Task. Everything from the line containing "You’ll start clerking" to the last line of the material below must be retyped exactly, both ends included; skip the pictures.

Information.
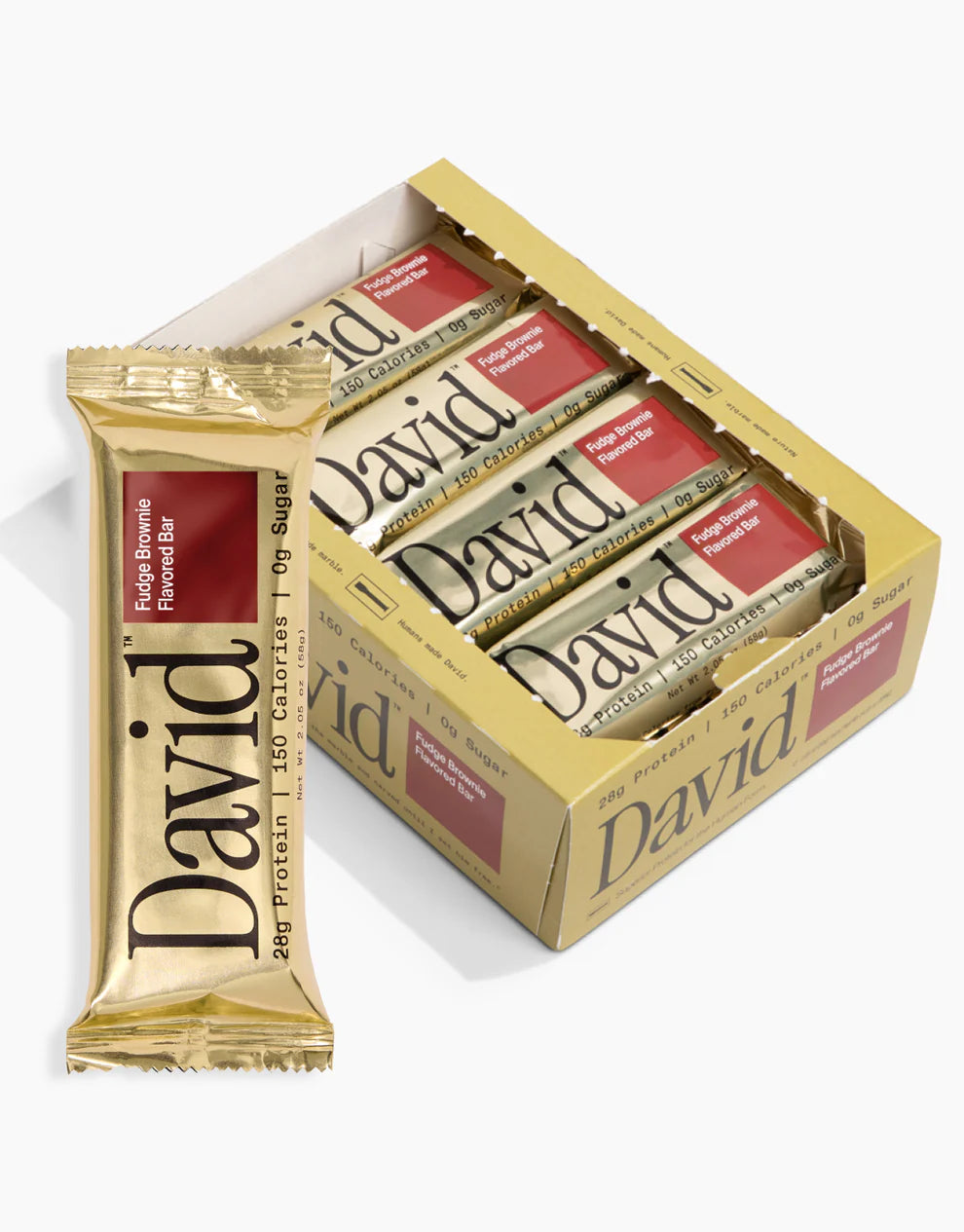 David Protein Bar | 28g of Protein - 64g Bar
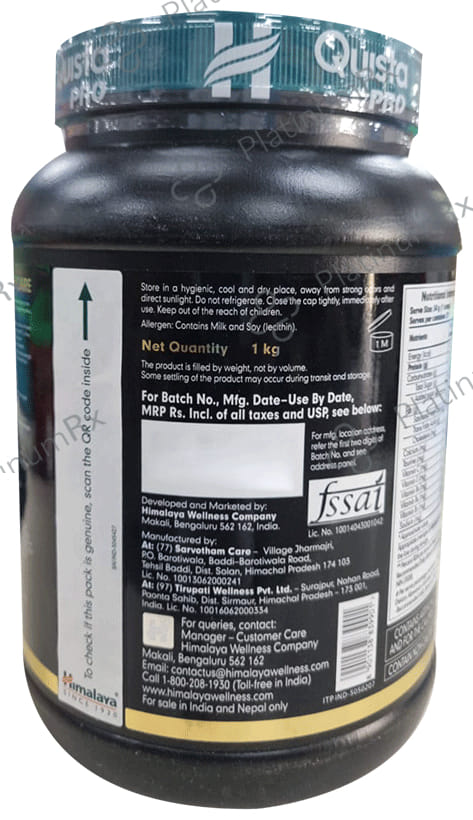 Himalaya Nutrition Quista Pro Whey Protein - Powder for Bones, Muscles, Stamina & Endurance - Flavour Chocolate 1 Powder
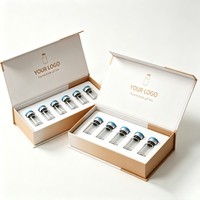 Kit complet de 5 flacons de peptides, boîte d'emballage vide avec plateau en plastique pour kit de mélange de 2 ml et 3 ml, ensemble d'emballage combiné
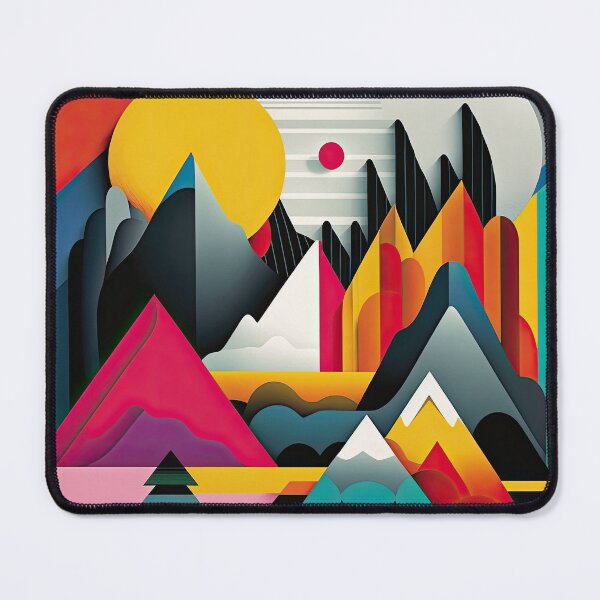 Item preview, Explore "Simplistic & Minimalistic Alps" with Bauhaus Flair and Vivid Colors designed and sold by ArtificialGenes.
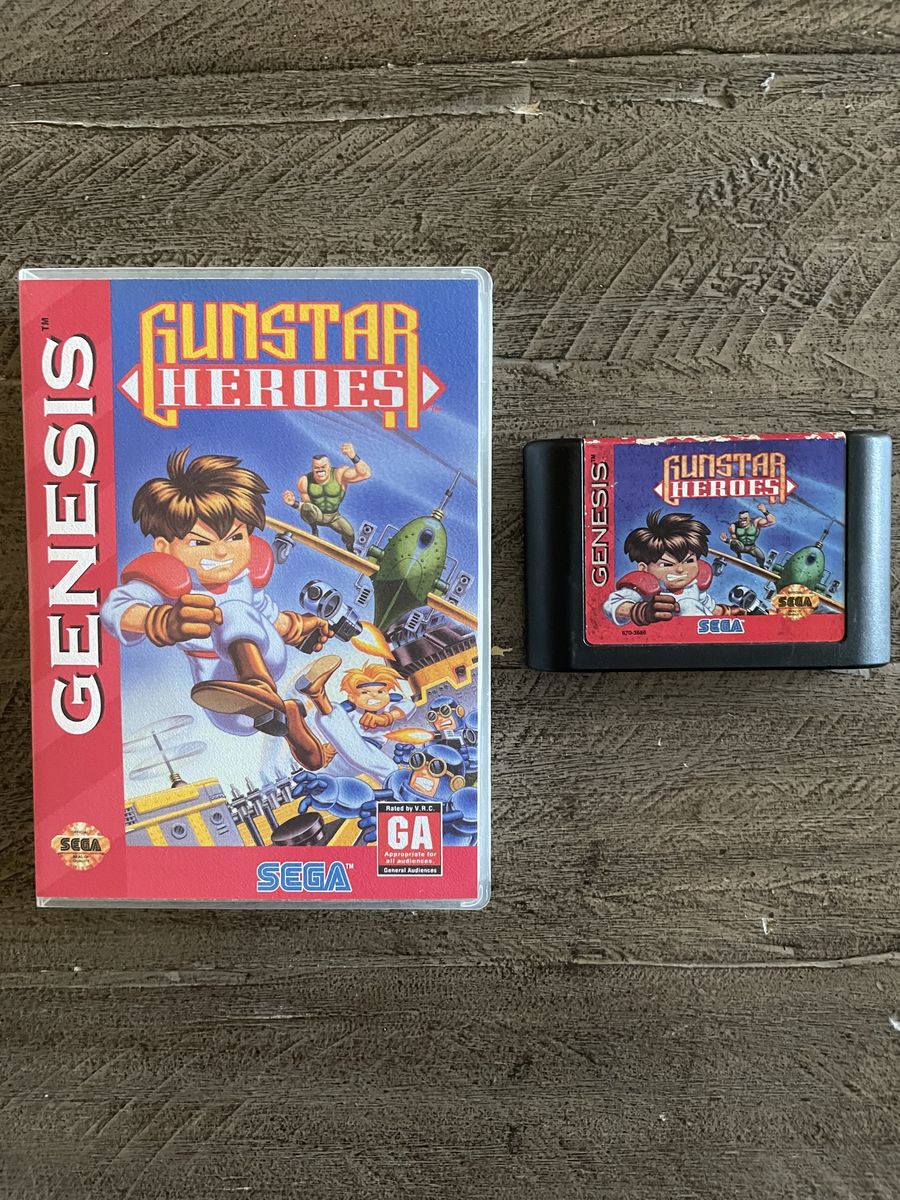 Gunstar Heroes SEGA Genesis w/ collectors case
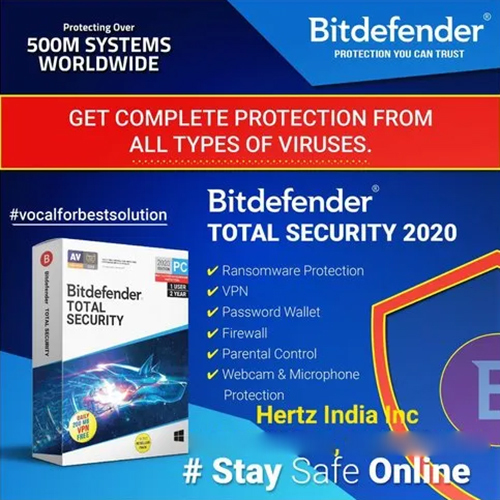 Bitdefender Total Security Antivirus Software
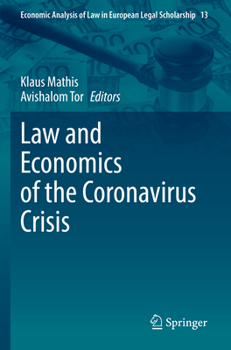 Paperback Law and Economics of the Coronavirus Crisis Book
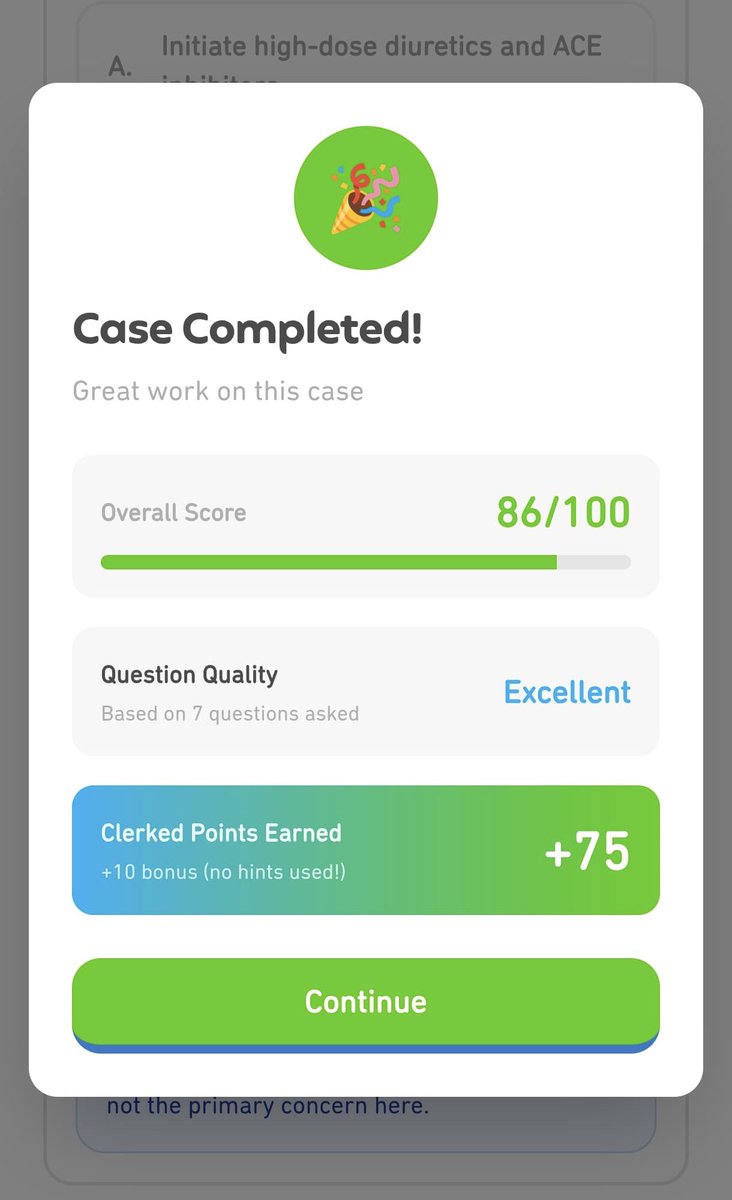 ClerkedLab's tweet photo. @SeunPhoenix Welcome Seun🥳

You’ll start clerking patients soon. Do it easily and confidently with our workbook Clerked.

And for practice, you can play over 1000 case scenarios for free at https://t.co/hLxF2zRiV3

The ward is not ready for you🔥 https://t.co/MlUwdgWKQw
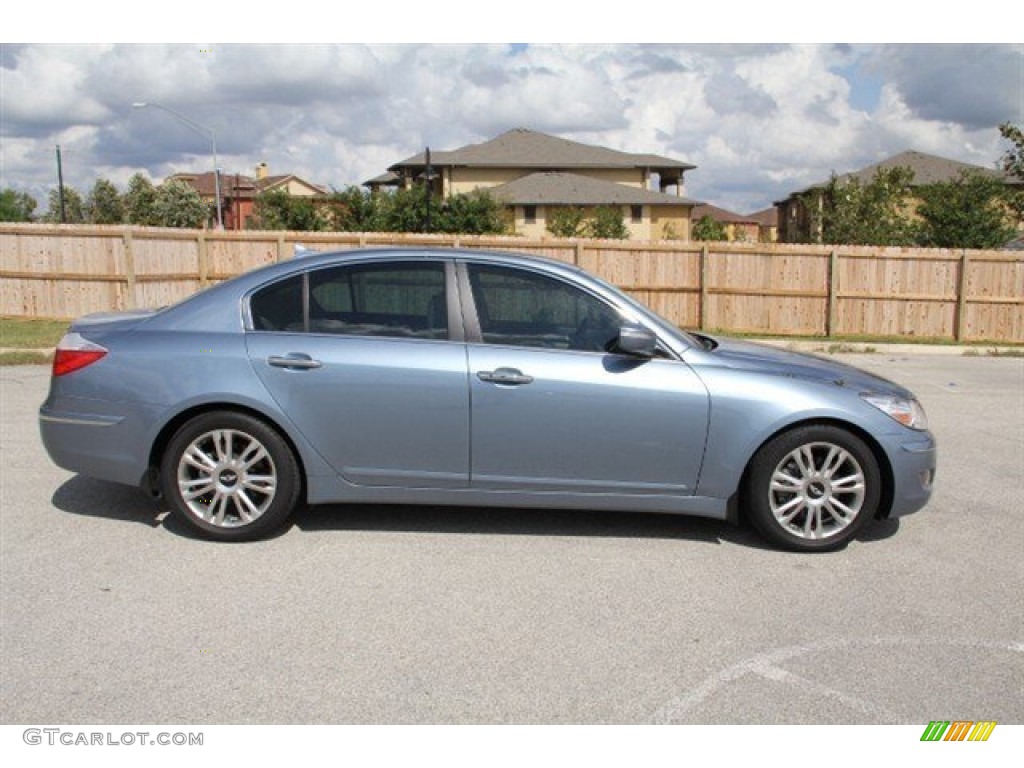 2010 Genesis 3.8 Sedan - Sterling Blue Metallic / Cashmere photo #7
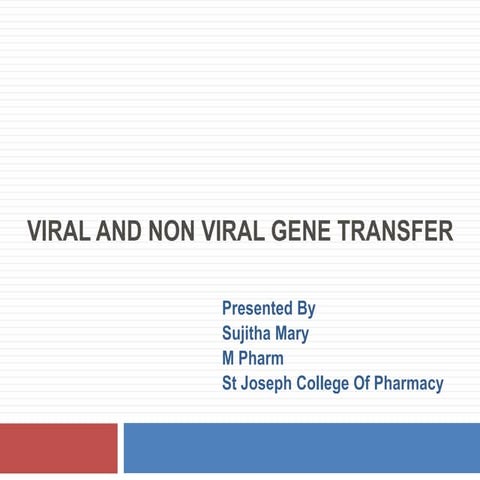 Viral and non viral gene transfer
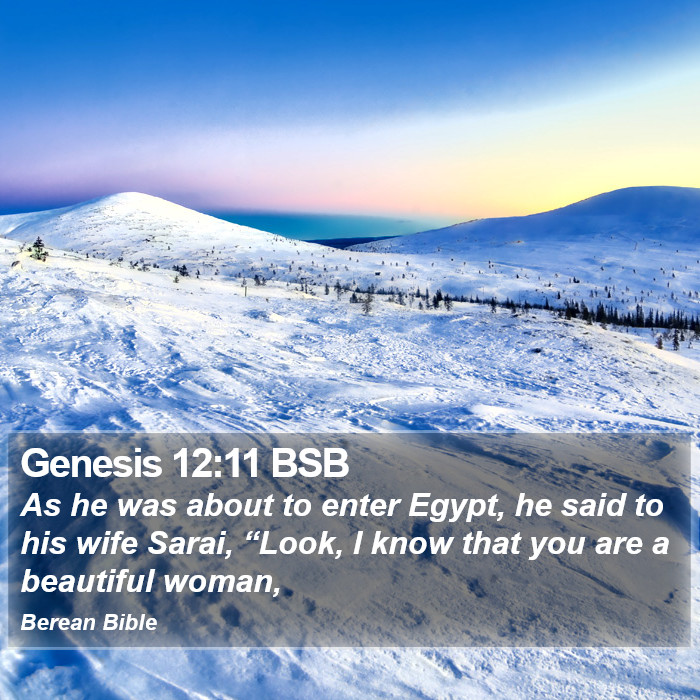 Genesis 12:11 BSB Bible Study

Solution to the exercise.
You’ll start clerking patients soon. Do it easily and confidently with our workbook Clerked.

And for practice, you can play over 1000 case scenarios for free at https://t.co/hLxF2zRiV3

The ward is not ready for you🔥 https://t.co/MlUwdgWKQw
 2010 Genesis 3.8 Sedan - Sterling Blue Metallic / Cashmere photo #7
 Viral and non viral gene transfer
 Genesis 12:11 BSB Bible Study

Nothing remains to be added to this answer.